Menurut Tigor, perhitungan antara perpindahan jumlah masyarakat ke angkutan umum ini harus benar-benar diantisipasi. Ada ketidaksesuaian antara kebijakan ganjil genap dalam kebijakan PSBB Transisi di Jakarta. Kebijakan pertama, kata dia, penggunaan kendaraan pribadi didorong pindah ke angkutan umum. Kebijakan kedua ada mengatur mengurangi 50 persen layanan angkutan umum massal dari biasanya.

"Bukankah akan terjadi lonjakan atau peningkatan pengguna layanan angkutan umum massal? Padahal tujuan atau target PSBB Transisi dalam Pergub nomor 51 Tahun 2020 adalah untuk mencapai masyarakat sehat dan produktif," kata dia.

Dengan beralihnya masyarakat ke transportasi umum, kata Tigor, akan terjadi penumpukan atau kerumunan di terminal atau stasiun maka akan terjadi penyebaran COVID-19.
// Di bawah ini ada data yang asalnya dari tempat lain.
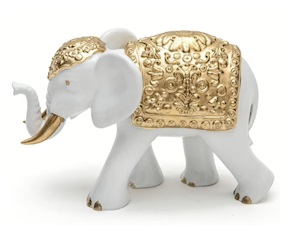 Elephant white and gold Selezione Zanolli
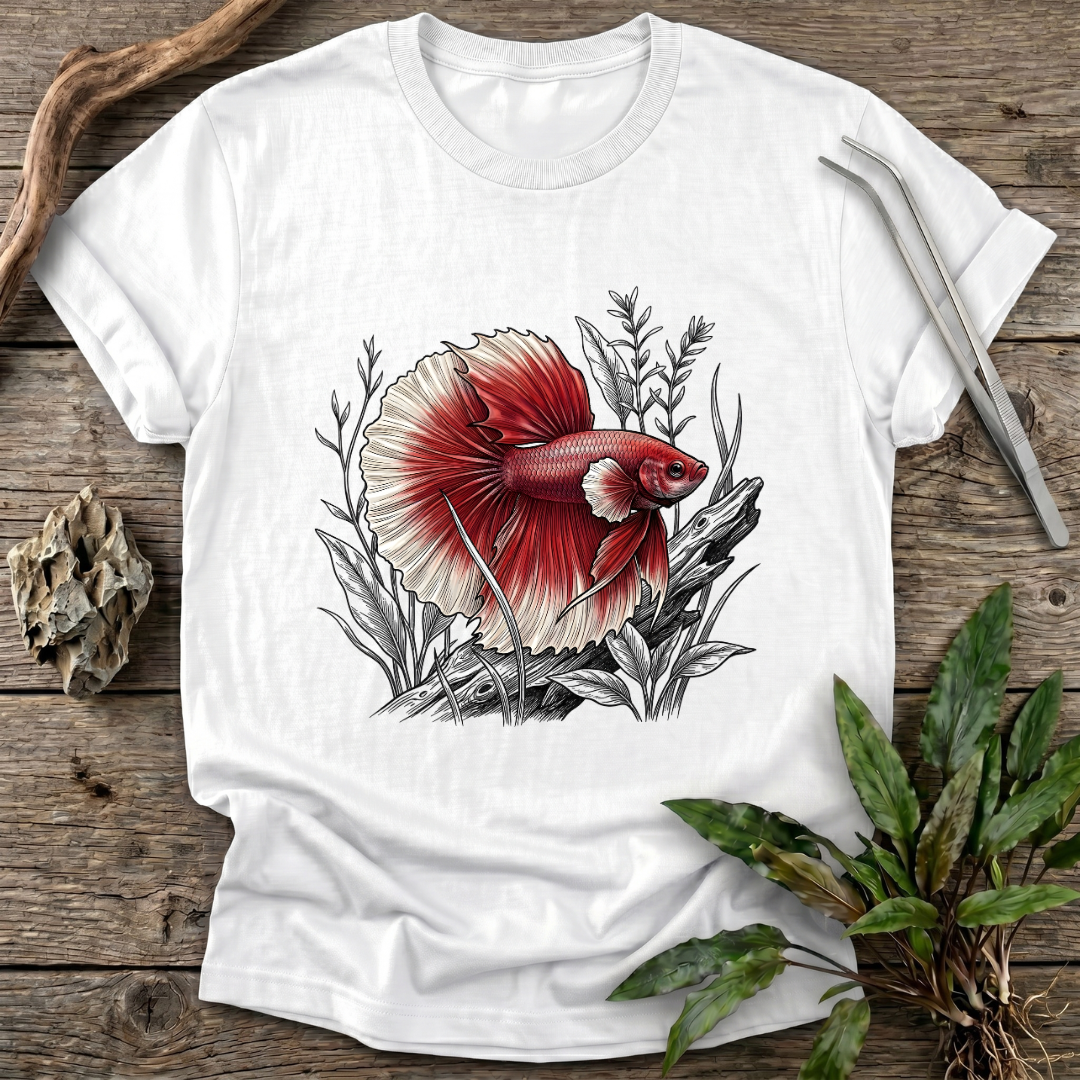 Crimson Halfmoon Betta T-Shirt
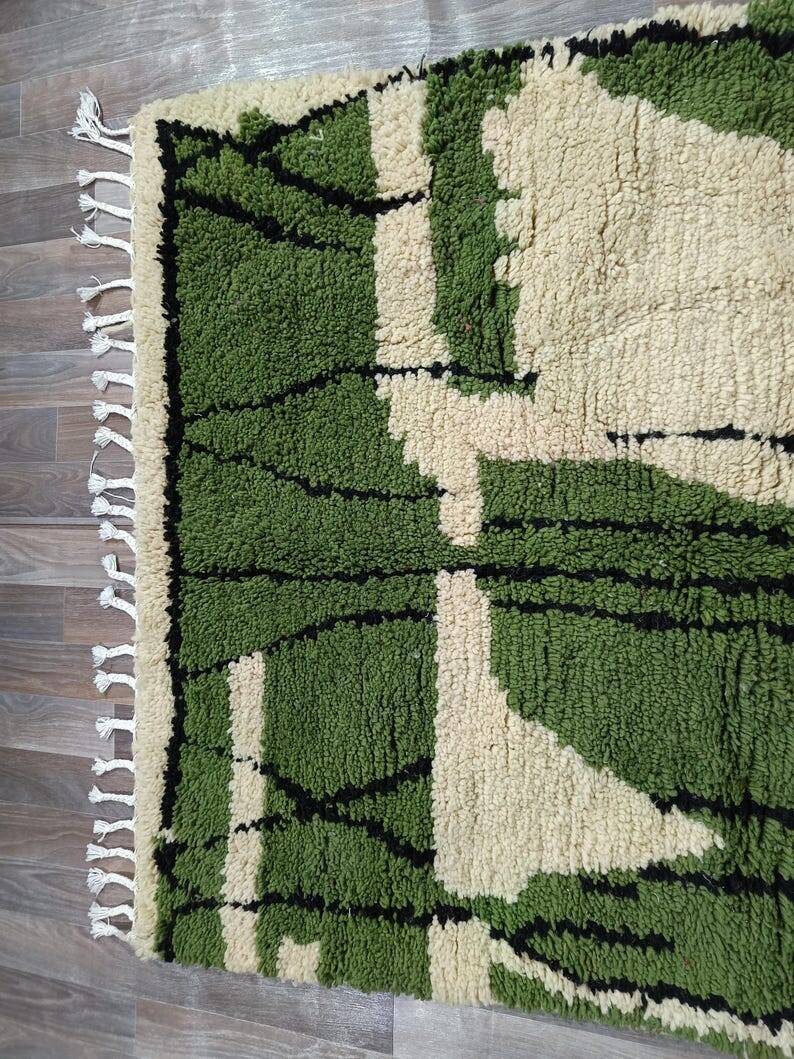 Green Moroccan rug, authentic Moroccan rug, 150/250cm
"Untuk itu sebaiknya selama penerapan kebijakan PSBB Transisi di Jakarta seharusnya tidak disertai kebijakan pengendalian ganjil genap penggunaan kendaraan bermotor pribadi," tandas Tigor.

 


Kebijakan Ganjil Genap Dipertanyakan

Pengendara memasuki kawasan aturan ganjil-genap, Jalan Gatot Subroto, Jakarta, Sabtu (6/6/2020). Pemprov DKI Jakarta mengeluarkan Pergub nomor 51 Tahun 2020 yang didalamnya mengatur pembatasan kendaraan dengan rekayasa ganjil-genap untuk sepeda motor dan mobil. (Liputan6.com/Helmi Fithriansyah)

Ketua Komisi B DPRD DKI Jakarta Abdul Aziz akan memanggil Kepala Dinas Perhubungan (Kadishub) DKI Jakarta Syafrin Liputo untuk meminta penjelasan terkait wacana sistem ganjil genap saat pembatasan sosial berskala besar (PSBB) masa transisi.
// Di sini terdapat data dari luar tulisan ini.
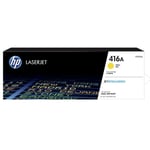 HP 416A Toner Yellow, Yield 2100 pages for HP Colour LaserJet Pro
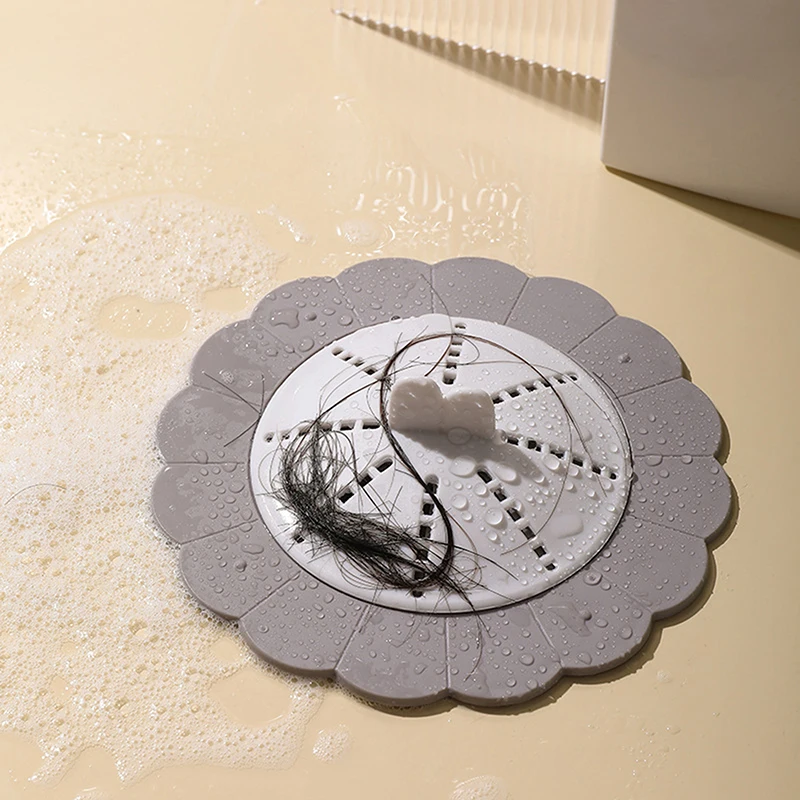 

Bathroom Washbasin Drain Hair Catcher sunflower Pattern Bath Stopper Plug Sink Strainer Filter Kitchen Accessory Dropshipping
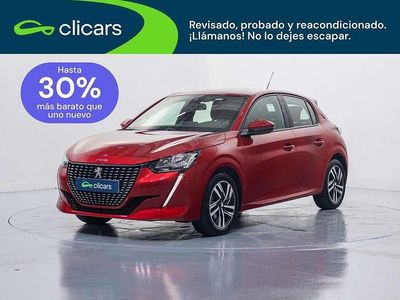 Usado Peugeot 208 Active 102 CV (75 kW) 2019 Rojo Utilitario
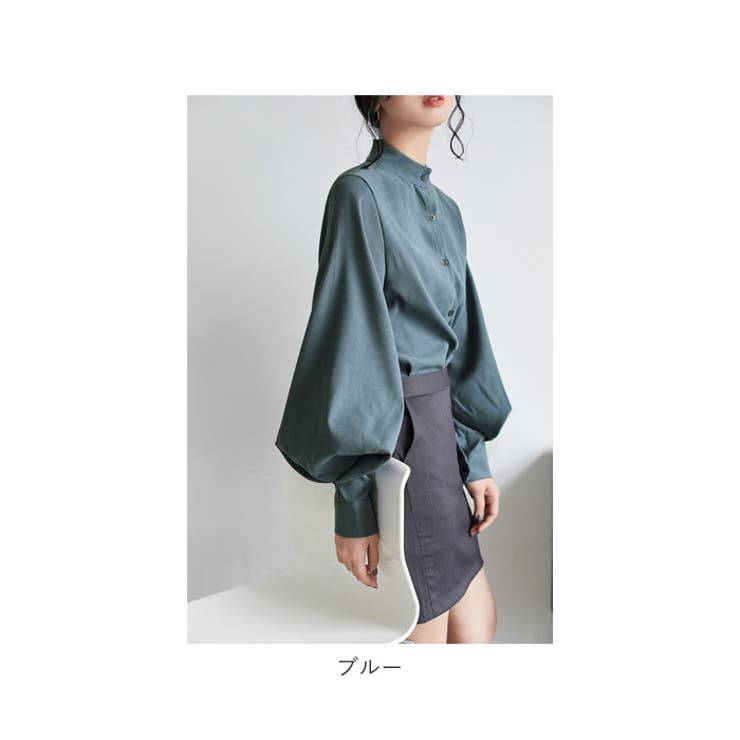 バルーンスリーブブラウス b31902[品番：BCYW0011364]｜BACKYARD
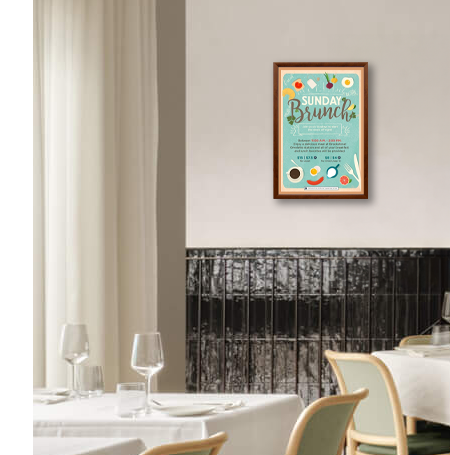 13x19 Designer Wood Snap Frames for Posters with 1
"Ingin tahu alasannya apa, latar belakangnya apa, pertimbangannya apa. Biar ini bisa dijelaskan ke masyarakat, disosialisasikan seandainya memang itu mau diterapkan," kata Aziz saat dihubungi, Selasa (9/6/2020).

Dia menyebut, rencananya pertemuan dengan Kadishub DKI dilaksanakan pada Rabu 10 Juni 2020 atau lusa Kamis 11 Juni 2020. Aziz mengharapkan Pemprov DKI Jakarta dapat mempertimbangkan kembali mengenai rencana sistem ganjil genap.

Sebab dia beralasan kendaraan pribadi dapat meminimalisir penyebaran virus Corona atau Covid-19.

"Kendaraan roda dua itu kan transportasi untuk kalangan menengah ke bawah. Kalau ada ganjil genap ini kan mungkin secara ekonomi juga berdampak ke mereka," ucapnya.